I thought Martha Coakley was surprisingly witty and charming. Her statewide reputation from 2010 would suggest otherwise, but she had some great off-the-cuff jabs -- she threw one right back at Mayor Murphy for making a "shaking hands in the cold" reference, she had a couple other original zingers (one of which was repeated verbatim by one of our State Reps. several minutes later), and most of all her demeanor was relaxed and casual -- perfect for the occasion.
Dan Winslow held his own. Maybe this springs in part from the benefit of being the guy with nothing to lose, but he commanded a great presence from the podium without a hint of awkward. The laughs were genuine -- not the sort of polite groans that sometimes come after St. Patrick's Day gag lines.
Tom Golden did great on the originality/visual humor scale once again. Last year, it was the movie posters...this year, commercials. Either way, a break from the standard boilerplate of recycled jokes and insincere self-deprecation.

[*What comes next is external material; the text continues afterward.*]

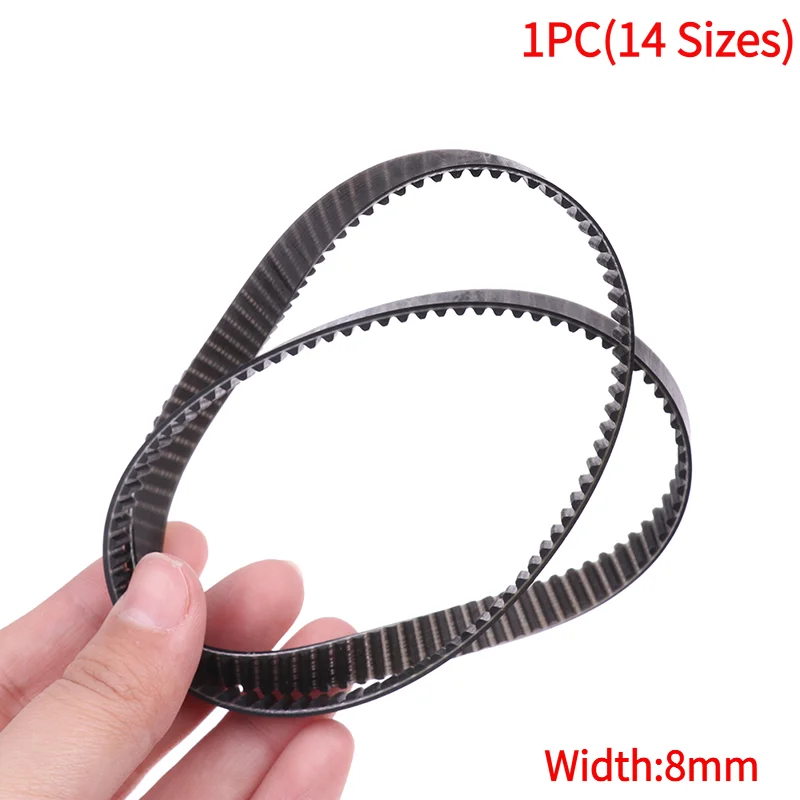 1PC Universal Household Bread Machine Belts Bread Making Parts Accessories Conveyor Belt For Multi Brand.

Initially, Gerry Leone led off with an old Tip O'Neill anecdote about (not) being introduced at sporting events, which sort of set me into a "here it comes again" mindset. However, he then veered into more interesting territory. He talked a bit about his decision to leave his current post, about his decision to run in the first place, and about loyalty. In true "dance with the one that brung ya" style, he thanked his closest aides and supporters, emphasizing that anyone can say they're "with you" after the primary. The people who really count are the ones who side with you before you've got all the momentum at your back. He opened up about he saw the opportunity to run for the position, even though he lived outside of Middlesex County at the time and was seen (at best) as a dark horse. He talked about how he saw Lowell as his *operational base* (my words there) even though it wasn't clear to some why that would make sense. I'm badly paraphrasing and truncating here (hey, it's been nearly a week) but he wrapped up by saying that he had run his course w/public office and would soon be headed to the private sector to stay.

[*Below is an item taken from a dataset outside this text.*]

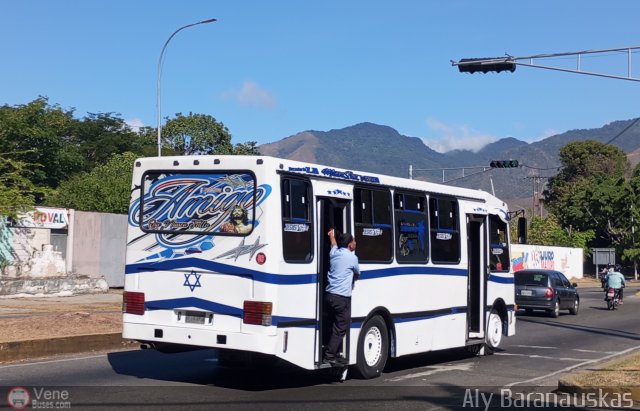 CA - Uni�n Conductores Big Low 06 por Aly Baranauskas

Anyway, I liked it because I admire anyone who is enough of a visionary to identify the right opportunities, know when to jump, and then have the even-more-impressive skill to identify their departure point. This isn't something that can be found in any manual, or offered from any consultant...instead, it's an instinctual trait that many highly successful people seem to have. My friend Jack Mitchell sometimes talks about a spiritual force called "The Hum of the Universe." I don't want to bastardize that term from its real meaning, so I'll modify it here to call this skill "The Hum of the Street."
The world is constantly offering you feedback. In terms of personal life, professional life, family life, etc. the clues telling you which way to twist and turn to take advantage of opportunities are there provided you're willing to listen. Some people are tone-deaf, so they either don't see opportunities right in front of them, insist on seeing or hearing feedback that really isn't there, or don't know when the time is right to exit stage left (whether that's a retired city councilor begging for mic time at a public event, or whether it's the kid who graduated last June still hanging out in your high school parking lot talking to girls, you know it when you see it).
Whatever Gerry Leone he saw, it wasn't obvious to everyone around him (and in comes the tautology -- if it were obvious, then it wouldn't be special). Those very same Spidey Senses pointed to the exit doors in 2013, and I'm not going to doubt them.
I credit Mayor Murphy with a lot of the same. He identified an opportunity to run for the Council. He made a big splash as a first-termer, and saw an opportunity develop to lead the city in a completely different way in his next term. Everything always seems obvious with hindsight, but who would have predicted that back in 2007? At some point during the process, he decided on his own terms that he was ready for a new chapter in his life and career -- maybe with an eye toward other impactful opportunities, and maybe with frustration towards the pomposity and self-importance he made fun of in his speech on Friday. He heard the hum in 2009 when he ran, he heard it after the 2011 election when the Mayoral race began shaping up, and he heard it when he made the call to pull chalks.
All this stuff may seem inscrutable to anyone other than the person himself or herself, and in a way that's the whole point. Why did Ted Williams hit .388 one year, and then .328 the next year, only to be completely gone from baseball just two seasons later?
That's not too different from asking when an undefeated DA, or an undefeated CC, would pick up the needle and move to a new groove...while it may be ours to speculate, it's not ours to know.